Le président du Tribunal, Ibrahima Sory 2 Tounkara, a aussitôt recadré le parquet en l’invitant à ne pas utiliser des termes « péjoratifs ».
Les avocats de l’ex leader du Comité national pour la démocratie et le développement (CNDD) ont dû d’ailleurs demander une suspension d’audience qui a permis à leur client de revenir un peu plus calme plus tard.
Durant des heures, l’ex putschiste a tenté de nier toute responsabilité dans ces événements tragiques, même s’il a eu beaucoup de mal à répondre directement aux questions qui lui ont été posées.
Ce fut le cas par exemple quand l’un des procureurs lui a demandé s’il avait décrété une journée de deuil national, après la tragédie (décision que Dadis n’avait pas prise). Ce fut également le cas quand un des avocats de la partie civile lui a posé une question par rapport à ses propos affirmant que, compte tenu de la configuration des forces au camp Alpha Yaya Diallo, le commandant Aboubacar Diakité dit « Toumba » (son ex aide de camp) était dans l’impossibilité de perpétrer un coup d’état, alors que l’accusé Dadis veut en même temps convaincre le tribunal que son ex aide de camp était le commandait le régiment des bérets rouges, sans être en mesure de présenter un acte de nomination officiel…
Toumba avait pour sa part, témoigné qu’après l’arrestation du colonel Haïdor Bah (qui avait été nommé officiellement commandant du régiment) et son adjoint Saa Alphonse Touré, c’est Dadis lui-même qui a pris le commandement du régiment des bérets rouges, avec pour adjoint le général Konaté. Cette version est rejetée par Dadis.
L’ex putschiste est resté souvent évasif dans ses réponses, hésitant même un moment à dire si Toumba se trouvait à ses côtés dans la nuit du 22 décembre 2008, au moment de l’annonce de la mort de l’ex président Lansana Conté, avant de lancer un « non » du bout des lèvres.
Toutefois, comme Toumba l’avait affirmé dans sa déposition, Dadis reconnaît qu’il se trouvait « dans un motel » quand il a appris l’information sur la disparition de Conté. La différence entre les deux versions est l’auteur de l’information : Toumba affirme que c’est lui-même, informé par le commandant « Beugré », qui a réveillé et averti le capitaine.
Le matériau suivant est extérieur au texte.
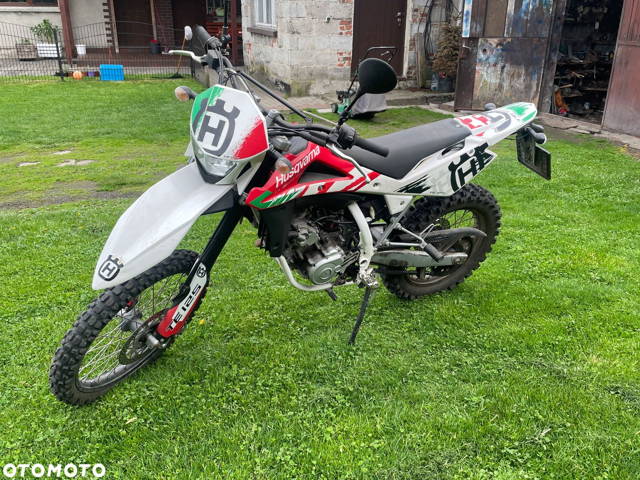 Husqvarna TE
Ce dernier soutient que c’est feu le colonel Kéléti Faro qui l’a informé du décès…
Globalement, depuis plusieurs jours, Dadis a répondu aux questions du parquet, parfois calmement, parfois manifestant des pointes de colère mais celle de la journée du lundi a été particulièrement remarquée.
Le capitaine a rappelé à son compte le fait qu’il a reversé un montant de 22 millions de dollars USD (Ndlr : versés à l’époque par la Société aurifère de Guinée), pour convaincre de son souci de bien gérer les ressources publiques.
Soufflant le chaud et le froid, l’ex patron du CNDD a reconnu avoir qualifié les opposants à son régime « d’apatrides » et de « faux leaders », leur imputant à l’époque la responsabilité du massacre.
Au sujet du camp de Kaléah, pointé du doigt par les enquêteurs comme étant le lieu de provenance des jeunes recrues qui ont commis de nombreuses exactions au stade du 28 septembre, Dadis affirme toujours que c’est le général Sékouba Konaté qui a recruté ces élèves militaires, même s’il est établi que c’est le président de la transition – qui a remplacé Dadis entre décembre 2009 et décembre 2010 – qui a mis fin à la présence des nouvelles recrues à Kaléah et Kissidougou.
Dans une vidéo disponible sur le web, le général Konaté a affirmé que c’est le capitaine lui-même qui avait recruté 9000 hommes pour une formation à Kaleah et que les éléments les plus actifs dans le massacre et les viols étaient parmi ces recrues.